═══ INFORMATION SUPPLIED

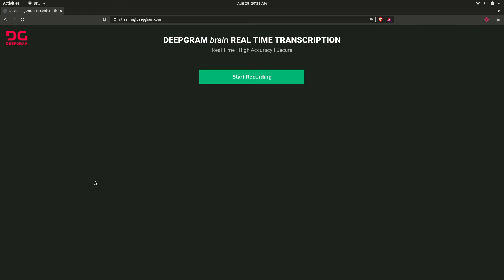I'm going to start DeepGram's streaming demo right here, and I'll role play a little bit as though I'm calling into customer service.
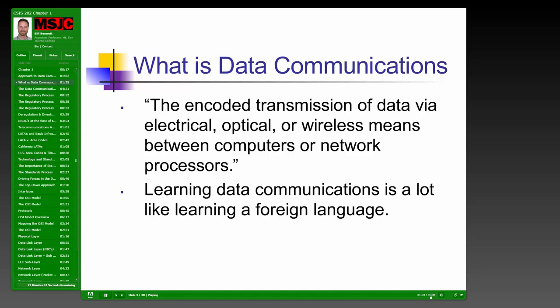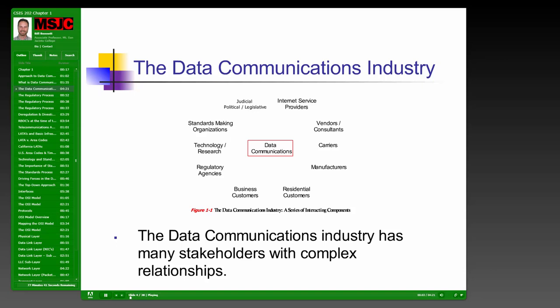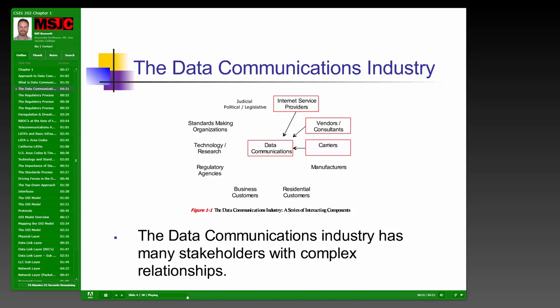This diagram identifies the various components or stakeholders that make up the data communications industry. First, we have the ISPs, or Internet Service Providers — the ones that actually provide you with the service to make the connection to the Internet. Next are vendors and consultants, who sell us various components and help us design networks. The carriers are the telecommunication carriers; they're the big players because they control all the pathways between local area networks and the Internet, and many times they are also Internet service providers.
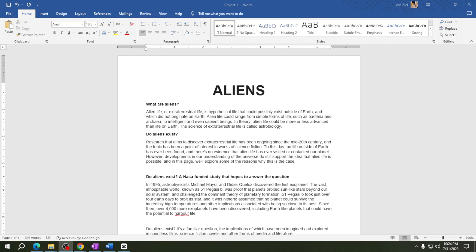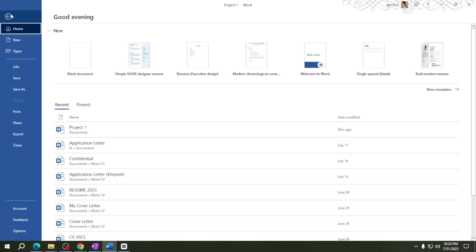Step 2 is to look up at the top left corner and click on File. See that option that says Print? Click on it.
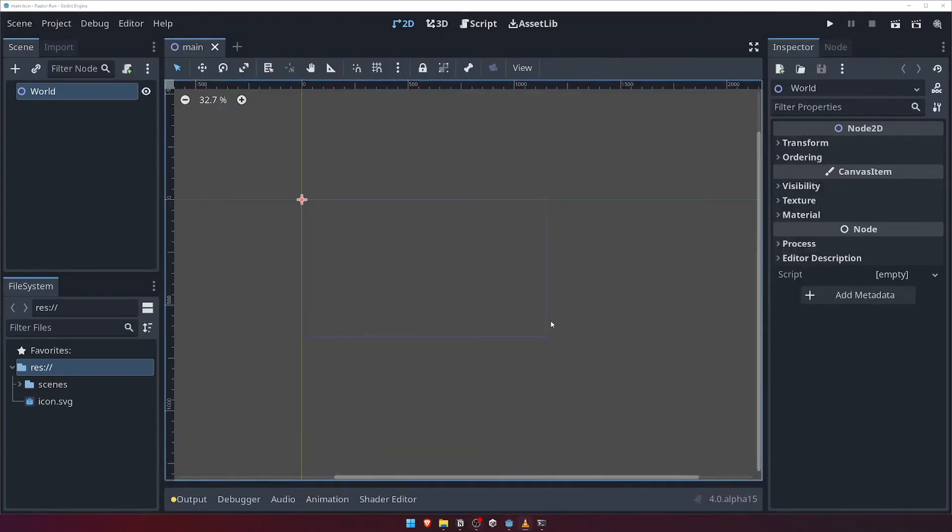With our main scene saved, it's a good time to move on to the File System panel below. This panel is quite self-explanatory, it essentially allows you to see all the files and folders within your games project.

══════

WHAT YOU HAVE TO DO
Reproduce the data above word for word from its first line through the line that holds "Step 2 is to", both ends included; skip pictures.

ANSWER SPACE
I'm going to start DeepGram's streaming demo right here, and I'll role play a little bit as though I'm calling into customer service.
This diagram identifies the various components or stakeholders that make up the data communications industry. First, we have the ISPs, or Internet Service Providers — the ones that actually provide you with the service to make the connection to the Internet. Next are vendors and consultants, who sell us various components and help us design networks. The carriers are the telecommunication carriers; they're the big players because they control all the pathways between local area networks and the Internet, and many times they are also Internet service providers.
Step 2 is to look up at the top left corner and click on File. See that option that says Print? Click on it.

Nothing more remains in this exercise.